*EXERCISE BRIEF*
In your copy of the entries, please include no pictures and return every word exactly.
[[ RECORD EXCERPTS open ]]
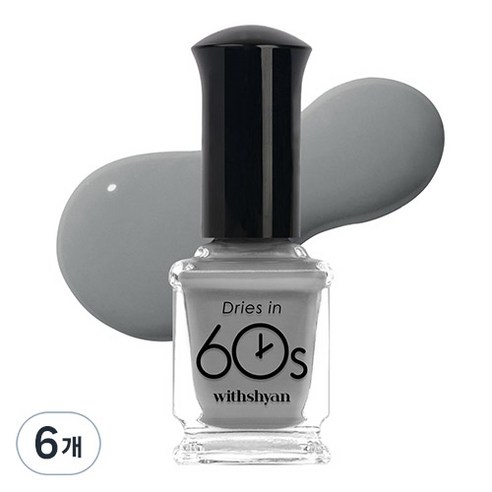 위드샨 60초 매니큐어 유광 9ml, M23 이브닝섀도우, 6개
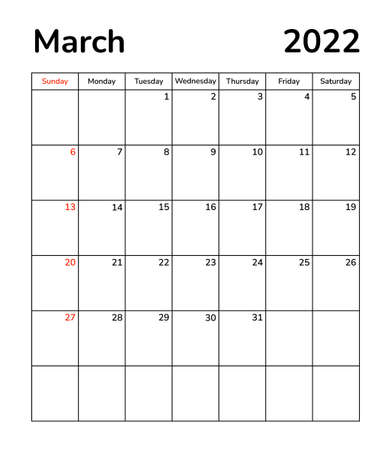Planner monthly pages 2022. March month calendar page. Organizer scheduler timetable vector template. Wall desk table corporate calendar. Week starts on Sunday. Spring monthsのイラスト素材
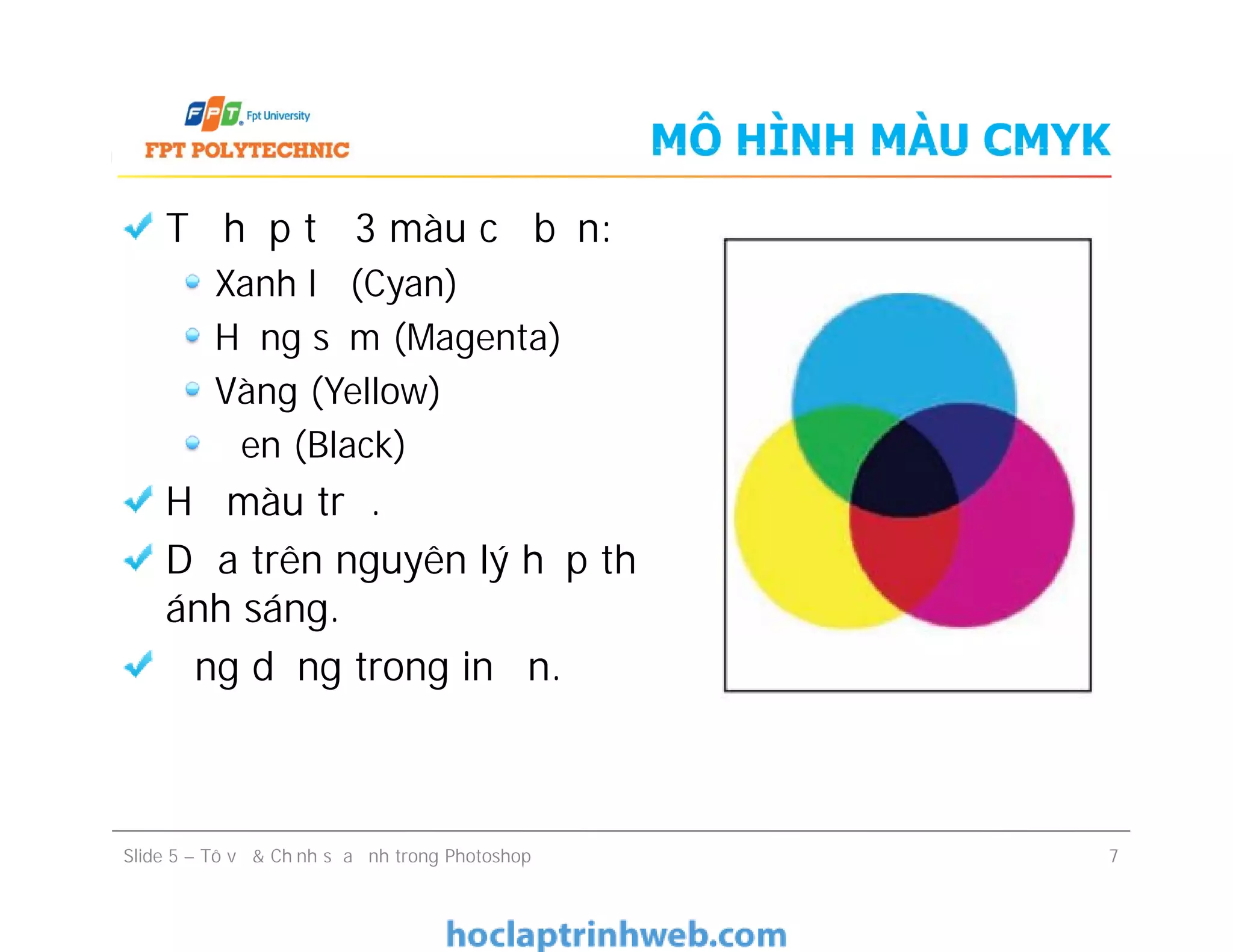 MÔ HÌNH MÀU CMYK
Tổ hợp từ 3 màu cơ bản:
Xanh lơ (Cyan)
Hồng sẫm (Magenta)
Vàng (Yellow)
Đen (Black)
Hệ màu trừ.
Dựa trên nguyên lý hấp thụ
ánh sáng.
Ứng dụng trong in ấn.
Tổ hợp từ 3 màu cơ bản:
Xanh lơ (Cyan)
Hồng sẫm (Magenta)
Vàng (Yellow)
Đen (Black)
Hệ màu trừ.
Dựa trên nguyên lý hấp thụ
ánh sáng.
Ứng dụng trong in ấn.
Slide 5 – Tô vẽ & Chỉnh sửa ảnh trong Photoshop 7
[[ RECORD EXCERPTS closed ]]
*RESULT FOR THIS TASK*
 위드샨 60초 매니큐어 유광 9ml, M23 이브닝섀도우, 6개
Planner monthly pages 2022. March month calendar page. Organizer scheduler timetable vector template. Wall desk table corporate calendar. Week starts on Sunday. Spring monthsのイラスト素材
 MÔ HÌNH MÀU CMYK
Tổ hợp từ 3 màu cơ bản:
Xanh lơ (Cyan)
Hồng sẫm (Magenta)
Vàng (Yellow)
Đen (Black)
Hệ màu trừ.
Dựa trên nguyên lý hấp thụ
ánh sáng.
Ứng dụng trong in ấn.
Tổ hợp từ 3 màu cơ bản:
Xanh lơ (Cyan)
Hồng sẫm (Magenta)
Vàng (Yellow)
Đen (Black)
Hệ màu trừ.
Dựa trên nguyên lý hấp thụ
ánh sáng.
Ứng dụng trong in ấn.
Slide 5 – Tô vẽ & Chỉnh sửa ảnh trong Photoshop 7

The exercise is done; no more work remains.